INSTEAD of trying to find a film to recommend I would do better to look for a weather girl with good diction. Renee Chow is half way there, but Alice Ho is still having problems. Rumour has it that she insists on saying 'temp' because she finds 'temperature' too difficult. But for $300 a night, what are we to expect? And whatever's happened to Merry Everest, the obvious successor to Gloria Wu? The best of a mediocre bunch is probably Waterloo (World, 9.35pm), in which Napoleon meets his (Waterloo, that is). The last hour of the film is the 1815 battle and looks both exciting and splendid. The preamble is a mixed blessing, with an exceptional cast - Rod Steiger, Christopher Plummer, Orson Welles and Virginia McKenna - struggling with the complexities of history.

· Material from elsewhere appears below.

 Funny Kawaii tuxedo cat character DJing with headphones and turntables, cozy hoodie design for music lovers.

IN Hear No Evil (Pearl, 9.30pm) Gil Gerard does a hearing-impaired Dirty Harry routine as an independent cop - aren't they all? - who wants to nail members of a motorcycle gang called the Bay Riders who he believes are heavily involved in drugs. When they blow up his car he survives, but goes deaf. Mimi Rogers is the hearing counsellor who teaches him how to cope.

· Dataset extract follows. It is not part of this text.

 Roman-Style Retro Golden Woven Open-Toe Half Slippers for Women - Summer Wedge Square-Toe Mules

WHICH leaves Why Would I Lie? (World, 2.10am), a film that inspires the question, why should I watch it? There is no reason, apart from seeing what happens when jokes fall as flat as a cow pat. Treat Williams plays Cletus Hayworth, a child welfare officer who specialises in telling outrageous lies in an effort to make his life more interesting. When his parents die he and his three siblings stand to inherit a small fortune, but no one can touch a cent until the insufferable Cletus swears in writing that he will use his share wisely.
IN a normal lifespan of 78 years a person will devote around 50,000 hours, or six years, to dreaming. The rest, for the average expatriate, is taken up with drinking and waiting for the Rugby Sevens to come around again. The Power Of Dreams (Pearl, 8.30pm), a three-part series, travels from ancient Greece to the latest dream-imaging labs to put dreams in historical perspective and to examine their potentials.
THE English think they invented it, but these days they don't play soccer so well. England bit the dust early in the World Youth Championships, leaving Brazil and Argentina to contest the Eighth FIFA World Youth Championship Final (Jade, 12.20am) in Qatar. It's a final that promises to feature some Latin histrionics along with any goals.
THERE is no escaping Kurt Russell as a wandering clockmaker in Winter People (TDM Channel 2, 8.30pm). This is one of those all-purpose films often shown by Hong Kong's terrestrial channels when they are stuck for something else to show, which is often. Now it is Macau's turn. It's frenzied, it's old-fashioned and Russell looks terribly uncomfortable in the 1930s, getting involved in a feud between two families in a back-woods community.